I’m sitting in my livingroom with a glass of wine while my boyfriend is painting the kitchen so everything will look good when the landloard comes in a few days to inspect the apartment.
It’s a weird feeling. Pure excitement on one hand that soon I will be on a massive holiday with no end in sight. On the other hand I will leave so many loved ones behind, I will miss birthdays, weddings, the birth of one of my closest friends first baby. Yes I am nostalgic and the wine probably doesn’t help.
The last couple of days I have met up with so many friends, spent more time with my family than I have in quite a while. I went for dinner with my old flatmate, which I hadn’t see in three years eventhough we live in the same town. It made me aware of how lucky I am and the importance of those moments.

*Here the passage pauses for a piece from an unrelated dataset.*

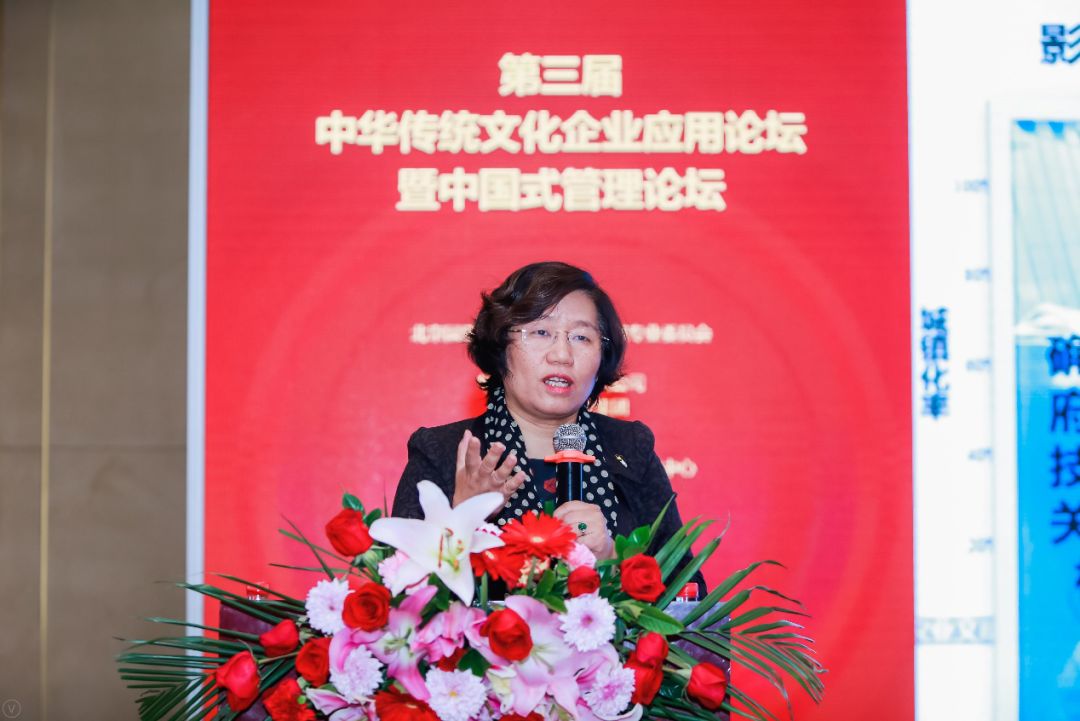 中国式管理全集完整版,中国式管理全集视频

I am almost panicking that I won’t have enough time to see them all. To tell them all in person how much I love every single one of them. To hug them tight and say goodbye. But seeing my old flatmate after all this time and spending an evening like I had seen her just the day before shows me that my friends will still be there when I come home. Of course I will miss all of them terribly but wouldn’t it be sad if I didn’t? If I could just leave without any hestitation whatsoever? I think I am lucky to have people to miss, to have people who make saying goodbye so hard.
So I guess I’m just going to finish my wine, toast to my loved ones and be grateful for all the memories I can take with me on the trip of a lifetime.